*Material provided*.

□ □ □ □

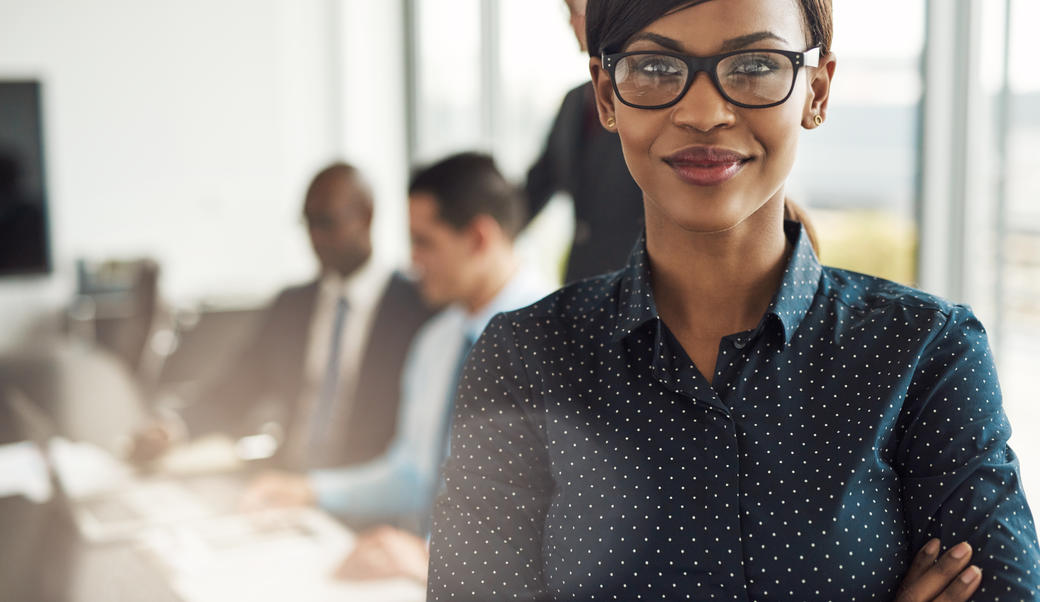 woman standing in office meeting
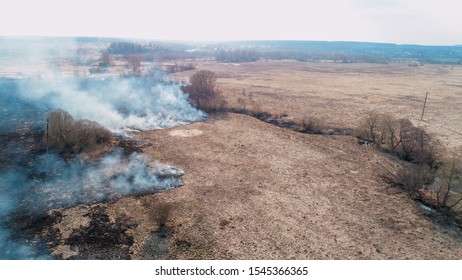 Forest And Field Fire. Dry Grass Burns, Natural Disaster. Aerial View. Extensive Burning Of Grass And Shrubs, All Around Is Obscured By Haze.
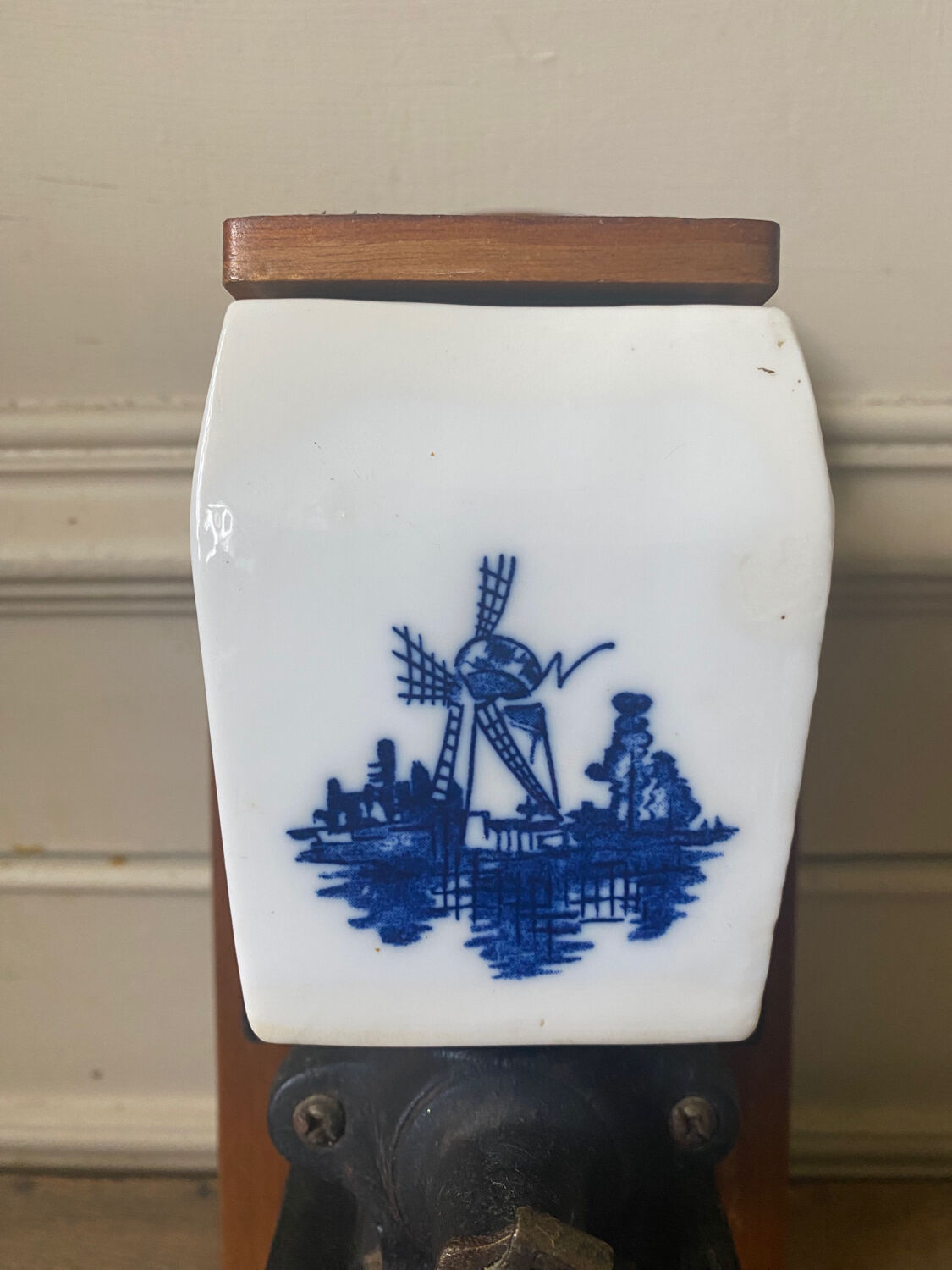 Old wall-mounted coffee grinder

□ □ □ □

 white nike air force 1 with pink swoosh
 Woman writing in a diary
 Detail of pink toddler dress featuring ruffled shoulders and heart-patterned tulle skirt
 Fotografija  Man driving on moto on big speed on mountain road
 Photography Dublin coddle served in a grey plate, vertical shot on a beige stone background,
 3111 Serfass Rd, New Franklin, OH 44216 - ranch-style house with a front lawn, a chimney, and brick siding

□ □ □ □

*Try it*.
Take the material above and output only the lines from the one that contains "woman standing in office meeting" through the one that contains "Old wall-mounted coffee grinder", ends included and images left out.

*Solution*.
 woman standing in office meeting
 Forest And Field Fire. Dry Grass Burns, Natural Disaster. Aerial View. Extensive Burning Of Grass And Shrubs, All Around Is Obscured By Haze.
 Old wall-mounted coffee grinder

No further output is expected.